By Enrique Lopetegui
Dear Gilberto Santa Rosa: You are forgiven.
No, my mind wasn’t blown away as it was when I first heard Willie Colón/Rubén Blades’ Siembra, or when I saw the Afro Cuban All Stars in LA, or when Celia and the Fania All Stars rumbled in the jungle.
But the Puerto Rican singer/bandleader, making his first SA appearance in 10 years, lived up to his reputation and delivered a near-perfect set to the capacity crowd.
That is, of course, if by near-perfect you understand a safety-first show where corny love lyrics and zero poetic depth are compensated by a kick-ass orchestra and a first-class sonero who hit every note and whose improvisation didn’t slip once.
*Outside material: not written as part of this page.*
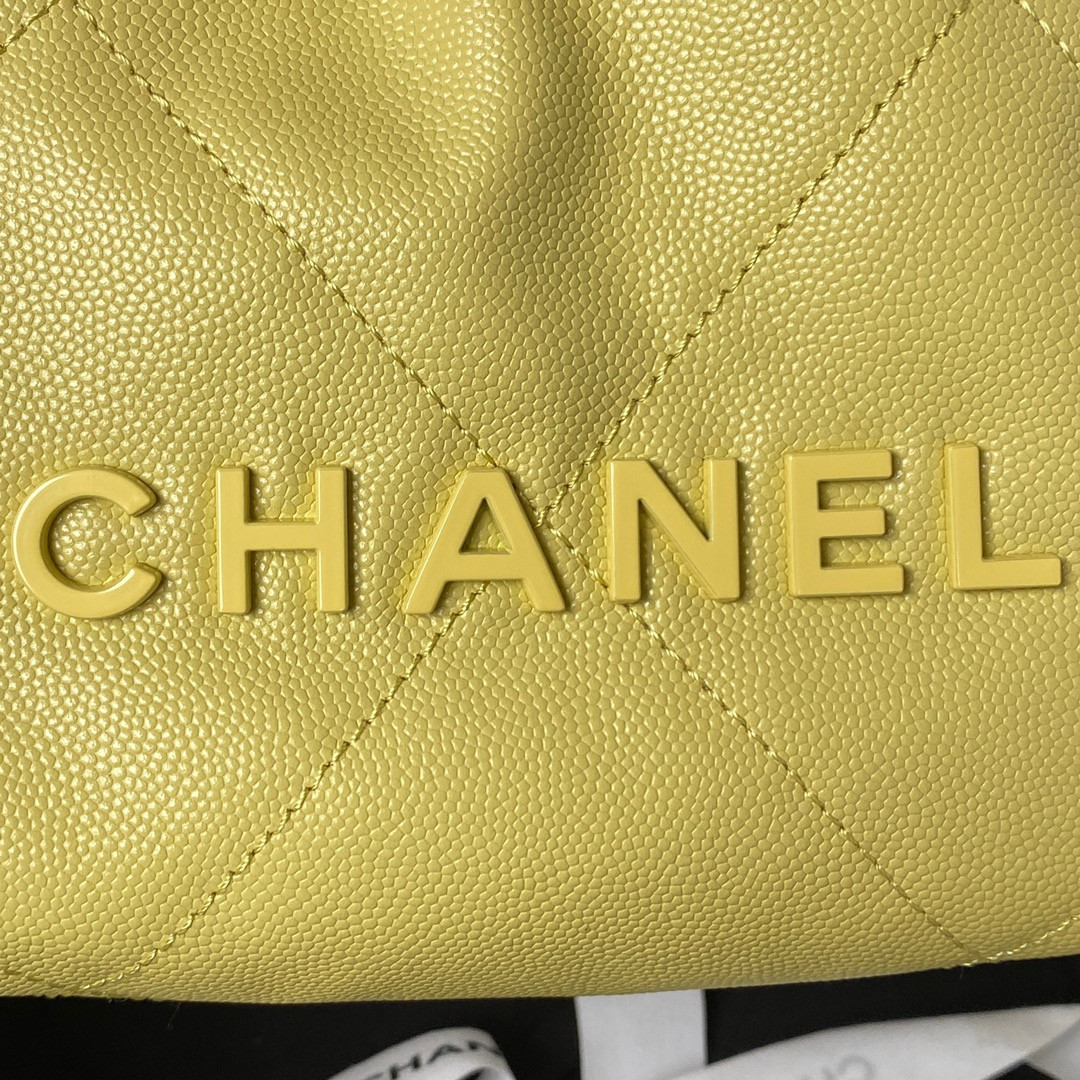 Ch*el 22 mini handbag grained leather yellow 7.8 × 7.4 × 2.3 in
In a little more than 90 minutes, and celebrating 33 years in the business, the former co-singer of Willie Rosario’s orchestra concentrated on the last 20 years of his illustrious career and only strayed from the dance-oriented syrup in the second half of the show, when long jamming stretches seemed to be taking us into a much more challenging stage of the show. But no; it was all an illusion. Right after a killer version of “Qué manera de quererte,” Santa Rosa went right back to the insufferable “Vivir sin ella,” as if unwilling to abandon his clean-cut, gentlemanly persona in favor of a rougher, more visceral, less-technical approach.
People like future hall of famer Santa Rosa could get away with it, which is not the same thing you can say about opening act Juan Esteban, a Dominican character who sang over pre-recorded tracks. He started with a low-octave version of Selena’s “Como la flor.” It’s a good thing Abraham Quintanilla wasn’t there, or else he would’ve sent Jehova’s wrath over all of us at Club Río. JE somewhat vindicated himself with “Periódico de ayer,” showing he can sing and sonear (not an easy task), but he spent most of the song engaged in a dead-on imitation of Héctor Lavoe instead of working on his own style. Is he for real? Is he Vegas material? Is he just trying to make a buck? My humble advice: stay away from cumbias and hits. And please, no more of that silly “Yo soy dominicano, y tú?” (I am Dominican, and you?) No, man, I ain’t Dominican.
Héctor Giovanni (a back-up vocalist for Santa Rosa) is another matter. He’s the real thing, with a nasal tone vaguely reminiscent to that of Víctor Manuelle. He had the advantage of being backed by Santa Rosa’s whole orchestra, and he was the perfect warm-up for a Santa Rosa show that I won’t keep in my heart, but good enough or me to take my hat off to the man.